Lao Yang menendang batang pohon perunggu itu dan berkata, “Aku cuma berimajinasi. Meskipun pohon perunggu ini tidak sebanding dengan pemandangan di Gunung Tai, setidaknya pemandangannya spektakuler, ya? Kalian berdua hanya perlu bertahan sedikit lebih lama dan jangan berkecil hati. Lagipula, kemenangan sudah di depan mata. Ayo cepat berkemas, mengertakkan gigi, dan mendaki ke puncak sekaligus. Pemandangannya pasti sepadan.”
Aku mengusap kaki bagian bawahku yang sudah mulai bengkak, dan mengatakan kepadanya bahwa bukan aku kurang motivasi, hanya saja memang tidak ada yang bisa kulakukan meskipun aku mengatupkan gigiku begitu keras hingga menggigit bibirku. Memang, aku masih bisa mengerahkan sedikit tenaga jika benar-benar dibutuhkan, tetapi Tuan Liang praktis sudah setengah mati. Daripada terburu-buru dan hanya bisa bergerak beberapa menit, lebih baik membiarkan kami beristirahat dulu.

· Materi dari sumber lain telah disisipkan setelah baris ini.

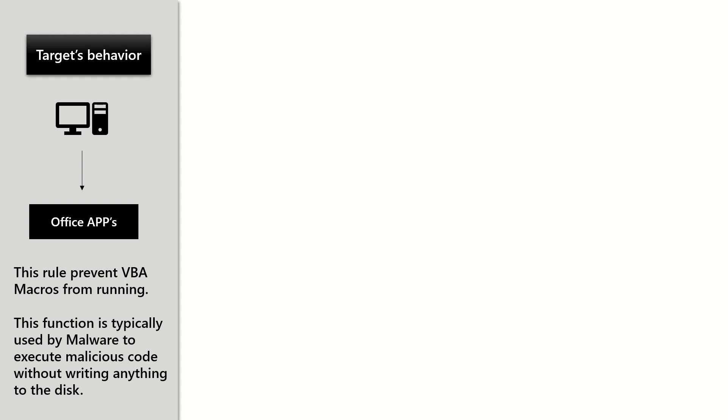This function is typically used by malware to execute malicious code without writing anything to the disk. This is the behavior which is specifically targeted.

Tuan Liang menatapku dengan penuh rasa terima kasih, sementara Lao Yang mendesah, berkata bahwa tidak apa-apa, tetapi kami harus melempar jenazah Paman Tai dari pohon. Ia merasa sangat tidak nyaman dengan tatapan mayat itu.
Aku tidak merasakan sesuatu yang istimewa ketika melihat raut wajah Paman Tai yang bengkok dan mata yang tak bernyawa, tetapi kenyataan bahwa matanya telah keluar dari rongganya sungguh agak menakutkan. Saat itu, aku tidak terlalu peduli dengan topik sensitif tentang moralitas atau amoralitas situasi tersebut. Sebaliknya, aku lebih fokus membantu Lao Yang dengan hati-hati mengangkat tubuh Paman Tai dari dahan pohon.
Setelah jatuh dari ketinggian seperti itu, tak terelakkan Anda akan menabrak beberapa dahan perunggu yang mencuat di sepanjang jalan. Satu-satunya hal yang baik adalah Paman Tai tidak jatuh langsung ke tanah di bawahnya. Ketika saya mengangkat tubuhnya, saya mendapati bahwa perkiraan Guru Liang benar—seluruh tubuh Paman Tai luar biasa lunak, seolah-olah semua tulangnya telah patah. Saat kami memindahkannya, sejumlah besar darah mengucur dari tubuhnya yang patah dan mengalir di sepanjang dahan dan ke dalam alur-alur pohon perunggu. Kemudian, darah mengalir di sepanjang alur-alur itu menuju pangkal pohon.
Ketika Guru Liang dan saya melihat fenomena ini, kami berdua membeku karena terkejut. Guru Liang segera menyuruh kami berhenti, menyalakan senter yang kami ambil dari ransel Paman Tai, mengarahkan cahayanya ke alur-alur, dan mengamati cabang-cabang perunggu itu lagi. "Tuan-tuan," katanya kepada kami, "saya rasa saya tahu untuk apa pohon perunggu ini digunakan!"
Catatan TN:
(1) "Mantra pengencang ikat kepala" yang dibacakan biksu Tang Sanzang dalam novel klasik "Perjalanan ke Barat" menyebabkan ikat kepala yang dikenakan Sun Wukong (alias Raja Kera) menyusut, yang menyebabkan rasa sakit yang tak tertahankan. Ikat kepala ini dimaksudkan untuk memperbaiki perilaku buruk, seperti membunuh orang.
(2) Gunung Tai adalah gunung yang memiliki nilai sejarah dan budaya penting yang terletak di utara kota Tai'an. Gunung ini merupakan titik tertinggi di Provinsi Shandong, Tiongkok. Puncak tertingginya adalah Puncak Kaisar Giok, yang umumnya dilaporkan memiliki tinggi 1.545 meter (5.069 kaki) (jadi perkiraan Lao Yang meleset jauh, lol).